In virtually all the books, the study says, there is a similar treatment and tone. History is "no longer written from a single national point of view," it says, but instead from "a variety of group perspectives."
Thus, it says, "the expansion of the American nation to the West becomes the tragedy of the Indian. The history of the South becomes the story of slavery. The story of the growth of industry focuses on the suffering of immigrants." Blacks and American Indians, it says, are presented mostly as victims, whose civilizations were destroyed by whites.
For example, "Rise of the American Nation" provides several pages of information on African kingdoms and empires and also has a warm account of American Indian achievements. "Our American Heritage" describes the European discovery of America as an "opportunity" for whites, but a "catastrophe" for Indians that "brought death to millions . . . and destroyed entire tribes."
Herbert J. Bass, a history professor at Temple University and principal author of "Our American Heritage," acknowledged in an interview that there is little in the texts about the poverty, illiteracy and technological backwardness of these groups that made them vulnerable to conquest.
"It's a version of the Noble Savage that has come into the textbooks," Bass said. "I can see that sometimes there's so much about the skills and abilities of the Indians that it's difficult to understand how they lost."

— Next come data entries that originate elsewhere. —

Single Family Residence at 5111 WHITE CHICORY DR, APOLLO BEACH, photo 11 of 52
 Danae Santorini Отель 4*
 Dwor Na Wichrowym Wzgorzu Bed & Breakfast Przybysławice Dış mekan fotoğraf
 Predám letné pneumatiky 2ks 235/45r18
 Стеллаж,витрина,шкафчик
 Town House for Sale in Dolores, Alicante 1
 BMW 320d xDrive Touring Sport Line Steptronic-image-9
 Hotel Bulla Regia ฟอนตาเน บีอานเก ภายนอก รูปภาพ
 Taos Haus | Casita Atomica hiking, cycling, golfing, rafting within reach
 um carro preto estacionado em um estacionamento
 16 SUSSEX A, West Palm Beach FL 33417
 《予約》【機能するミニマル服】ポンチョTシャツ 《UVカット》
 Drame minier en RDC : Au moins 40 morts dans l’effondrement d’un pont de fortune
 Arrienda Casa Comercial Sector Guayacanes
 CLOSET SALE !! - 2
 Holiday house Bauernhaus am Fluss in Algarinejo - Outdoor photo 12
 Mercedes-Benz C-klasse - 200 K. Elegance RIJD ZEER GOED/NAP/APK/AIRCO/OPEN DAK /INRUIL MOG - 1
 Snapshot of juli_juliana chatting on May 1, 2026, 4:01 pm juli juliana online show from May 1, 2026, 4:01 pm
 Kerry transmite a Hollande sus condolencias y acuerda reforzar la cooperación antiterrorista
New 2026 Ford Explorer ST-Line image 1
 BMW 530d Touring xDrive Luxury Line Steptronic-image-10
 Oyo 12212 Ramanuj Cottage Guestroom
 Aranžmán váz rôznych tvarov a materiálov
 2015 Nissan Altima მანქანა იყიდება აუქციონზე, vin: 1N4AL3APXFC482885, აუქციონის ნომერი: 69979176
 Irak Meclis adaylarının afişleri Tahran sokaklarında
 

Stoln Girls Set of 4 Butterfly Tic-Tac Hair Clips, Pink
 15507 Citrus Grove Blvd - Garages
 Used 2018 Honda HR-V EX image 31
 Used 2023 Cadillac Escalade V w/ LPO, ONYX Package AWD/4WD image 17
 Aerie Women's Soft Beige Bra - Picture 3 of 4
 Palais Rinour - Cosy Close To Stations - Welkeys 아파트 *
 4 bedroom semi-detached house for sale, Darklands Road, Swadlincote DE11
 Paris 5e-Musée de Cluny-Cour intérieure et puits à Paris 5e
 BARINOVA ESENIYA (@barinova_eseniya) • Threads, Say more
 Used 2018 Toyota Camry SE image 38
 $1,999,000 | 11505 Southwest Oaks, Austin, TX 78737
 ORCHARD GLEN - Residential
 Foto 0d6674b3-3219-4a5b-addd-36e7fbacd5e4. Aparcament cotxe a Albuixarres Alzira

But he added: "Nobody is going to put that into the book. Some of these things are put in largely for pride. That's a starting point for learning."
Bass said he agreed with the criticism in the report that most of the textbooks are "one-sided" in focusing on conflict and deemphasizing "the group interests that transcend ethnic lines."
He said he thought his own book avoided this slant.
The new report suggests that the texts are "shallow" in discussing how different groups became part of American society. It says they fail to show that the current situation of different groups depends not only on the laws and prejudices toward them, but also on their own skills, communal institutions and previous histories, as well as on the time and place of their arrival in the United States.
This is particularly a problem with Japanese Americans, said Ueda, who is a Japanese American himself. The group is chiefly portrayed as a victim of prejudice, he said, consigned to internment camps during World War II, but nothing is said of its "amazing social rise" after the war.
"It's not an unfair criticism," Bass said later, "to say the texts tend to portray minorities as victims and still leave out who they are and how they live their lives. There's a limit to what you can get into."
"A lot of folks get jittery when you talk about the characteristics of a particular group," Bass continued. "I confess that there is a concern about invidious comparisons. That's why writers shy away from it. You'll never know how it will be read."
Richard Wilson, coordinator of secondary social studies in Montgomery County, said the analysis in the new report would have been more valid in the late 1960s and early 1970s when "the consensus about American history exploded and many of the books went overboard.
"I think we are returning more to the consensus--the achievements as well as the wart," Wilson said. "But where there has been injustice, the books should tell about it, and most now do. Maybe they don't play it up enough."